Karla Reviews Cassandre at Carnegie Hall


PHOTO: Conductor David Robertson of the St. Louis Symphony Orchestra

So, which came first -- the music or the misery? For die-hard music fans and lyric enthusiasts, the question is a perennial favorite. For audience members of Cassandre, the concert performed by the St. Louis Symphony Orchestra in Zankel Hall on Friday, March 31, the question was an outright dilemma.

Cassandre is the story of the Trojan princess by the same name, daughter of King Priam and Queen Hecuba, who lived through the Trojan War. Cassandre was a woman of such ravishing beauty that the Olympus-dwelling god Apollo fell madly in love with her (unrequited) and granted her the gift of prophesy. She refused him, and was cursed with the ability to see into the future. She would be able to foretell it, but would never be believed. True to Apollo's words, she foresaw the fall of Troy, the murder of her family, and ultimately, her own rape and murder.

Prior to the performance, you could see all the instruments sitting on the stage, quietly but menacingly. If you flicked through the program notes, however, you would see the reciter (in this case, Barbara Sukowa, as Cassandre) listed under "scoring," right next to flute, oboe, clarinet, base, bassoon, contrabassoon, horns, trumpet, trombone, percussion, piano, electronic synthesizers and strings. Try to find the odd one out.

Sukowa, with her towering voice and shock of abundant yellow hair, was also listed below David Robertson, musical director and conductor. It was inevitable, therefore, for conflict to ensue. Sukowa, both an actor and a singer, was sandwiched between participating in what seemed like a theater production and a concert, and had to decide whether to be a musical instrument or a star.

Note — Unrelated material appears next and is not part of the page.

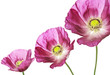 three poppies on white background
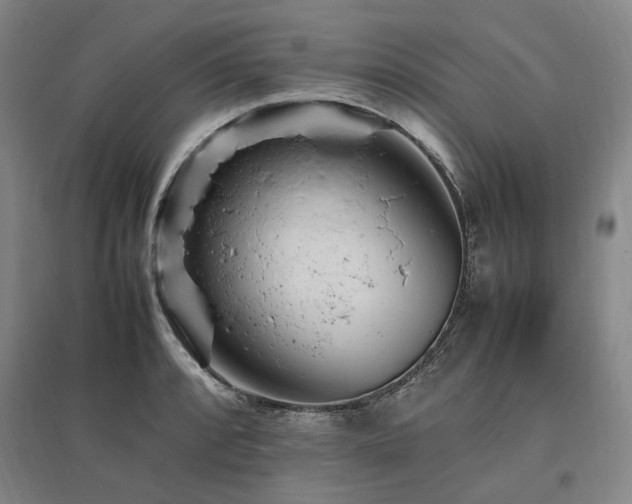 X0000095911088200801111227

But maybe this was intentional. The New Yorker's Alex Ross dubbed David Robertson "the Evangelist" and said that a "part of Robertson's St. Louis strategy is to place music side by side with visual works." A large screen behind the stage seemed to be more like a prop than anything else, and with so much going on onstage, you could easily feel the state of confusion Cassandre must have experienced before coming to terms with her curse (if ever).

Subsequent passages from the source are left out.